By imposing this arbitrary action, the U.S. government seeks to destabilize the Venezuelan government by creating a liquidity crisis, a goal which became evident when Vice President Mike Pence April 5 said that “the U.S. will continue to exert all diplomatic and economic pressure” against President Maduro’s administration.
"We remind our friends that the struggle of the peoples of Cuba and Venezuela is not only in defense of their revolutions but in defense of humanity.
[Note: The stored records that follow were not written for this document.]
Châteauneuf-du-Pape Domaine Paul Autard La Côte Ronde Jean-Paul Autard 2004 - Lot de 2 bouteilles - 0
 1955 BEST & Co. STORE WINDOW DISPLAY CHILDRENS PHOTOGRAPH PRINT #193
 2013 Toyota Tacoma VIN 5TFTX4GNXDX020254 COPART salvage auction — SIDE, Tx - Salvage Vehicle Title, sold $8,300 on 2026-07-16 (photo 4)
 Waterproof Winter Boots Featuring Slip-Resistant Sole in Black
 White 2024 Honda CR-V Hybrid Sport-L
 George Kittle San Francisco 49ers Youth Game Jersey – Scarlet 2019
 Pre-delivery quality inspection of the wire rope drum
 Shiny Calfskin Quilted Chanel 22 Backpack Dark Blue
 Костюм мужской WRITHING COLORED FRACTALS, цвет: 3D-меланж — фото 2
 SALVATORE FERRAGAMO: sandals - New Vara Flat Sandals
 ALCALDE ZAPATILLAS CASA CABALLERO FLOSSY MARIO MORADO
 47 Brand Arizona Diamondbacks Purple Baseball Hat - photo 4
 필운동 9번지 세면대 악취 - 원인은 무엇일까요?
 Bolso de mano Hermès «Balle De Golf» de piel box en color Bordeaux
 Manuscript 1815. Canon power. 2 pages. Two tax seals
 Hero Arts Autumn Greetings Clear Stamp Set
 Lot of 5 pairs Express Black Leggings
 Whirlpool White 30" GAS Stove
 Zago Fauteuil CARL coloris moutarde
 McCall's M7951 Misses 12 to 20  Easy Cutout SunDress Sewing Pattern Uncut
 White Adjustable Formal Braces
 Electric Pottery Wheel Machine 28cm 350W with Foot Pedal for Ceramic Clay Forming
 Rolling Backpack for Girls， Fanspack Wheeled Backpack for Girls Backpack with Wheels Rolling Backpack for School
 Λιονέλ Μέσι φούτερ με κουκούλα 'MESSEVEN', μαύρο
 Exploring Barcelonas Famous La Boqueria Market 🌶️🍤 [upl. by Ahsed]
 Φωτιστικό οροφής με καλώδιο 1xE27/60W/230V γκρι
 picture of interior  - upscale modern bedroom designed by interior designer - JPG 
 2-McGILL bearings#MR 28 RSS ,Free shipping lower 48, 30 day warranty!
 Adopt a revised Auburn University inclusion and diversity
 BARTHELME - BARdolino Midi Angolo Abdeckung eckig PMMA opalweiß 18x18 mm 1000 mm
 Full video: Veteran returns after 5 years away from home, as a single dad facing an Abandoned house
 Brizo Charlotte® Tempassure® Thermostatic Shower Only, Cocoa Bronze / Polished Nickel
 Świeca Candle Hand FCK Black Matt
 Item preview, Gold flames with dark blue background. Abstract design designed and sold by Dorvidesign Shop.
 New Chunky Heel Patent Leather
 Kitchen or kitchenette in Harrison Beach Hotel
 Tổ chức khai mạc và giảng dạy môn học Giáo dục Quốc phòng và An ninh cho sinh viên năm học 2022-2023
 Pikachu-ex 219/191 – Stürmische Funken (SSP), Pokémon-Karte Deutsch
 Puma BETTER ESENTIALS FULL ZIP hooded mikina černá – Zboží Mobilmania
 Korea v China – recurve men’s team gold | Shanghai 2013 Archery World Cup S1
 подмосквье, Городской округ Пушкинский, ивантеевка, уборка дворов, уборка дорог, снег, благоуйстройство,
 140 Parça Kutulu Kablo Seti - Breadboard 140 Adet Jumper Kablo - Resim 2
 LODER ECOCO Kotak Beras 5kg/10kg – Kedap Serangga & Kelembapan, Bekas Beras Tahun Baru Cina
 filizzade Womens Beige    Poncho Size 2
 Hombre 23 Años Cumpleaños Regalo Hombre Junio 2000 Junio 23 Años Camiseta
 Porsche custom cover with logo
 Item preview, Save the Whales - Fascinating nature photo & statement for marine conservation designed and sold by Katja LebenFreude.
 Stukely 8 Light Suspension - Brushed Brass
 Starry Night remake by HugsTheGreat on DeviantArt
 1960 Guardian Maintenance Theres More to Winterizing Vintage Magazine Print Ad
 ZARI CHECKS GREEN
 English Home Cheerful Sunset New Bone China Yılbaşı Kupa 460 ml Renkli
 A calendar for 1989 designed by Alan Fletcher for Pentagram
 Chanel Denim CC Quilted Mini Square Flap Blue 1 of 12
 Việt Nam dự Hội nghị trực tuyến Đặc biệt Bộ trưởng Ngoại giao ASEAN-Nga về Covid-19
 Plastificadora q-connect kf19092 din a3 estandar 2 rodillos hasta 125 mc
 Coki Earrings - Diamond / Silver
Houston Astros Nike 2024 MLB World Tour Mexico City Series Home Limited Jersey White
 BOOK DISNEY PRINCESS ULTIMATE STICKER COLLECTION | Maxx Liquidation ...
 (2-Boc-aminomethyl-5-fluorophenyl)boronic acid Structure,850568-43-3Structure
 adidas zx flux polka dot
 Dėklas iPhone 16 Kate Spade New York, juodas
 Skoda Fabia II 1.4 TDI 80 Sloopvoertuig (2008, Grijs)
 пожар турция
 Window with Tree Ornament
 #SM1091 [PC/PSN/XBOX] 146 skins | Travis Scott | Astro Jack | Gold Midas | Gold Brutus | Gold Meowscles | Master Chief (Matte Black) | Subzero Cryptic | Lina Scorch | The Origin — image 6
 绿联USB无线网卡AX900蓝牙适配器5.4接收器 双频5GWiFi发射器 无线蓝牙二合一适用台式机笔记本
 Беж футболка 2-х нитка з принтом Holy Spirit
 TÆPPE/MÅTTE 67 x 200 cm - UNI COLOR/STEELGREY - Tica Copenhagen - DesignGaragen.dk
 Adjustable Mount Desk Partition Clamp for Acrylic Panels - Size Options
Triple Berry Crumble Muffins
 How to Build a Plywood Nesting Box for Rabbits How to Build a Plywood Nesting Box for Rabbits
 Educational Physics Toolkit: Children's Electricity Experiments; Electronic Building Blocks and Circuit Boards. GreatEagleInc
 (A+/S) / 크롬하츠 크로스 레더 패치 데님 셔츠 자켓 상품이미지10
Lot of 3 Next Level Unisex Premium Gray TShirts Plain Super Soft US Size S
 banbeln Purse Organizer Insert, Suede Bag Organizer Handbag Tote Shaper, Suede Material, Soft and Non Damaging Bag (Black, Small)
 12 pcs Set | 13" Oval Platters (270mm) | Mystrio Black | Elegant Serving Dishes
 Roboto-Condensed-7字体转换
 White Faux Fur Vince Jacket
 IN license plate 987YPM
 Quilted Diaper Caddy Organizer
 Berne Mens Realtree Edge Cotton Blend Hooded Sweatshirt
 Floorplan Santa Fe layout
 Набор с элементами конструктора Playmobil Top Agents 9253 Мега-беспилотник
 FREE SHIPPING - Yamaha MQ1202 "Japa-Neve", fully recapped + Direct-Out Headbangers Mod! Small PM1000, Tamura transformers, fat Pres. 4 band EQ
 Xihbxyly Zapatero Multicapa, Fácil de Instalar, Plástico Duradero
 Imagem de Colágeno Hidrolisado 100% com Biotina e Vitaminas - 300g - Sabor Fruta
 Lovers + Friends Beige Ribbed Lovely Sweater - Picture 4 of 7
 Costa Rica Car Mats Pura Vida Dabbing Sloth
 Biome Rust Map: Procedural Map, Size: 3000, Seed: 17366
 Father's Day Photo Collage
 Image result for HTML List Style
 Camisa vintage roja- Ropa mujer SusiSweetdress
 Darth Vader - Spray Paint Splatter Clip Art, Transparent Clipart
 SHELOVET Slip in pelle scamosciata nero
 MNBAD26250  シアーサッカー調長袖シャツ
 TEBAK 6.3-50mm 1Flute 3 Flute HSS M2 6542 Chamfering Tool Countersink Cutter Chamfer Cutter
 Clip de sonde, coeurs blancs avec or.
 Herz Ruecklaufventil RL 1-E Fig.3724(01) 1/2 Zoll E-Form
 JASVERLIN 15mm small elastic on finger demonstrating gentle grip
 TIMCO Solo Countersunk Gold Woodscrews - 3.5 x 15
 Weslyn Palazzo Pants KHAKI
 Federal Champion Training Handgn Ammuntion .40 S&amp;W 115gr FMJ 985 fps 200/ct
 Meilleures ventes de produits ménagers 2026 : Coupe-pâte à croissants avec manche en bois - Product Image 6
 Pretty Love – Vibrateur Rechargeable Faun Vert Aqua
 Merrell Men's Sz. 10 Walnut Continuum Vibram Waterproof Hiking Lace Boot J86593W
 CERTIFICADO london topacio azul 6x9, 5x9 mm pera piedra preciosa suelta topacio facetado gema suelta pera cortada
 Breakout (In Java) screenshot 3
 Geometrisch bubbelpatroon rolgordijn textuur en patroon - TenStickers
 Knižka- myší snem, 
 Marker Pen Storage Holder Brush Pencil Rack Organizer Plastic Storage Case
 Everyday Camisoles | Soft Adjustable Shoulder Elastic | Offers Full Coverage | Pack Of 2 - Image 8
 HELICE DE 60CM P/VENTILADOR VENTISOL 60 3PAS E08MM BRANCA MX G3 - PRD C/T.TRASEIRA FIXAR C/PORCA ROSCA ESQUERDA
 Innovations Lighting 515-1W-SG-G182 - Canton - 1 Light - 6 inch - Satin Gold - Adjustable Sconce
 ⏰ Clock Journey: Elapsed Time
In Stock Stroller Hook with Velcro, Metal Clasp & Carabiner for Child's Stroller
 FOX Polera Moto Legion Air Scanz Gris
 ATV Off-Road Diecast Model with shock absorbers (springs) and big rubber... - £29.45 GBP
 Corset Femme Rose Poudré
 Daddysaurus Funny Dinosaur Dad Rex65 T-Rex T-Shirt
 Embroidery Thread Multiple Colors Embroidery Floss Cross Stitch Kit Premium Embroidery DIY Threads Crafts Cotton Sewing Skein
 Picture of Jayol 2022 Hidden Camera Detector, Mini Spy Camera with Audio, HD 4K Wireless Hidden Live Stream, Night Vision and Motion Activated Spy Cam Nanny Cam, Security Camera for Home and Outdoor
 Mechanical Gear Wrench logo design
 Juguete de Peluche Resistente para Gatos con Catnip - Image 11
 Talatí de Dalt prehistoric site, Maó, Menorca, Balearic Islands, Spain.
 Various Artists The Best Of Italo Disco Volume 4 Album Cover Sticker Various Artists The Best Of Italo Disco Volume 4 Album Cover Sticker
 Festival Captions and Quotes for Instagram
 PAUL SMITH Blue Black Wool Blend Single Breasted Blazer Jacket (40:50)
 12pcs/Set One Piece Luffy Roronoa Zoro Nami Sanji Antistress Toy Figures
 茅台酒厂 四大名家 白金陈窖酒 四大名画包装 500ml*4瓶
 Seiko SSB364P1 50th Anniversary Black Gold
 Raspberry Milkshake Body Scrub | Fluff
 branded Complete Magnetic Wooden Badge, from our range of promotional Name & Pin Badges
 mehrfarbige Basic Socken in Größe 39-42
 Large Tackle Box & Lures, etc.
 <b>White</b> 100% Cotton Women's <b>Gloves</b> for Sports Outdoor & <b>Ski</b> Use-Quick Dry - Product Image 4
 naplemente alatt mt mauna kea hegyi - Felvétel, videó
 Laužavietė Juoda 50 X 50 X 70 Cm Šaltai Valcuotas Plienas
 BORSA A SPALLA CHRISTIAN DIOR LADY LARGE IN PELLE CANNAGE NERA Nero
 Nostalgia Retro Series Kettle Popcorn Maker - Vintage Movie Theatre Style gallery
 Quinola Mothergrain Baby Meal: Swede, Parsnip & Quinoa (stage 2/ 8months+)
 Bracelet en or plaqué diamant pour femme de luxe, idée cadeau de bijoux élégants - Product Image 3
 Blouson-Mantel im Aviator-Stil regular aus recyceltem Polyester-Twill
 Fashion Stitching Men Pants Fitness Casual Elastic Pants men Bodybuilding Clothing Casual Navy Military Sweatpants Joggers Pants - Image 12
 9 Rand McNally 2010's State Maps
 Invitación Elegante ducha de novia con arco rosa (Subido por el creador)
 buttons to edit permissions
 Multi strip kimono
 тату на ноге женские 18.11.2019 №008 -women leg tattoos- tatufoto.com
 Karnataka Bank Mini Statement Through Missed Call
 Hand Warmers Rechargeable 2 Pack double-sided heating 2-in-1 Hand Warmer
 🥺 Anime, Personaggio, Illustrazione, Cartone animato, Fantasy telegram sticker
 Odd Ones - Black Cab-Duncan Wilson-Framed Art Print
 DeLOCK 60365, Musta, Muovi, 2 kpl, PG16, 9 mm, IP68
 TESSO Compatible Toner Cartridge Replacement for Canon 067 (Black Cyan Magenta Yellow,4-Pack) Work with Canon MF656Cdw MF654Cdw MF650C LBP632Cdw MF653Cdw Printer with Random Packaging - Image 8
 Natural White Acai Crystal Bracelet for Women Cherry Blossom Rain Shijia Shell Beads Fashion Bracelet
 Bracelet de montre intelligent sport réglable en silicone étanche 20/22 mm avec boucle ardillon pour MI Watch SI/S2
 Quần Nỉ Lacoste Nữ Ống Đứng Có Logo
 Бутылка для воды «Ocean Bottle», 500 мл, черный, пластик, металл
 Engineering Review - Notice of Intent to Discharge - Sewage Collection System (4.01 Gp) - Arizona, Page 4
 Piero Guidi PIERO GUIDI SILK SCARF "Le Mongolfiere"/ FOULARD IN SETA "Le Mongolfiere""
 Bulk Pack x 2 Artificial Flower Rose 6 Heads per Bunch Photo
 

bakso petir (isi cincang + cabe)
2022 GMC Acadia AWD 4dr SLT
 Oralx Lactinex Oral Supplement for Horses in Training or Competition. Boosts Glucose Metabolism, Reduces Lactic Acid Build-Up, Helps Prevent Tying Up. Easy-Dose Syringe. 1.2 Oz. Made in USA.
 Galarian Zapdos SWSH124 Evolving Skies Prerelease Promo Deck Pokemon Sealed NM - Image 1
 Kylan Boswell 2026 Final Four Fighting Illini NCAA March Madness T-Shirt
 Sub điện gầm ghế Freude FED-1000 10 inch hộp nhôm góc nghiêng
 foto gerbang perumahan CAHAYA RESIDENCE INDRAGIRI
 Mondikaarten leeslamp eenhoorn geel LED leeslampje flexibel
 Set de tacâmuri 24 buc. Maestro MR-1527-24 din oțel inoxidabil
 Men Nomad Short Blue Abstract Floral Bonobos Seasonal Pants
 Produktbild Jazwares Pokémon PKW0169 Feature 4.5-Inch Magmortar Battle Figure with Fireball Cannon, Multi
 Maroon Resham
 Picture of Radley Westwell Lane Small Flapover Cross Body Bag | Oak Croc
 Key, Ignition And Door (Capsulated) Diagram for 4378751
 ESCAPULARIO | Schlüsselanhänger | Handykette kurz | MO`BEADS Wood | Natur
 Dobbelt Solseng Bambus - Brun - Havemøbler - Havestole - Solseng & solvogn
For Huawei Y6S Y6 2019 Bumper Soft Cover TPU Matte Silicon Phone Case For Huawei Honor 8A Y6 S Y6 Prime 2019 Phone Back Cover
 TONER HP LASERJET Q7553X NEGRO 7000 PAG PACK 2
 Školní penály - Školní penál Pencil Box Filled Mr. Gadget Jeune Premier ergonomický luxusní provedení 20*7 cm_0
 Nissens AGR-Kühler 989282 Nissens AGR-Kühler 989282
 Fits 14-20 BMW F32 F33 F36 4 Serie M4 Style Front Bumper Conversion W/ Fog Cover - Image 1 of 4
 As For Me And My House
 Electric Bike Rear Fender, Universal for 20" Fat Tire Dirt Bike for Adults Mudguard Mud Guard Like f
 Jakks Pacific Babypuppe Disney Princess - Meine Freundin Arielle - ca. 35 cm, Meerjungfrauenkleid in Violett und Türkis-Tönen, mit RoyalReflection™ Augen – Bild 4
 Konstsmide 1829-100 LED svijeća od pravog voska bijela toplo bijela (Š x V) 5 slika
Let's not allow imperialism once again assault the people of the region."
This U.S. sanctions are also related to the opposition politician Juan Guaido’s attempt to block Venezuelan oil shipments to Cuba as he believes that they are being used to finance Cuban intelligence’s work.
The U.S. Treasury Department Secretary Steven Mnuchin justified the new sanctions on the grounds that Cuba has been a strong supporter of Venezuela.
“Treasury is taking action against vessels and entities transporting oil, providing a lifeline to keep the illegitimate Maduro regime afloat,” Mnuchin said and added that the U.S. remains committed to holding the Cuban revolution “accountable for its direct involvement” in Venezuela.
After the U.S. announcement, the Venezuelan government said that the appropriate legal measures will be taken to respond to such unacceptable measures, which were also condemned by Cuba’s President Miguel Diaz-Canel.
Cuba and Venezuela have been close political and economic allies since 2000. The South American country became the island's main oil provider through an agreement which grants preferential oil prices in exchange for Cuban medical and educational services.
The most recent fuel shipment to Cuba left Venezuela on April 4, carrying liquefied petroleum gas. Another three vessels are waiting off Venezuela to load with shipments destined for Cuba.
Due to the U.S. economic war on Venezuela, however, there has been a decline in Bolivarian oil shipments to Cuba, a country which has been looking for for alternative suppliers, among which are Russia and Algeria.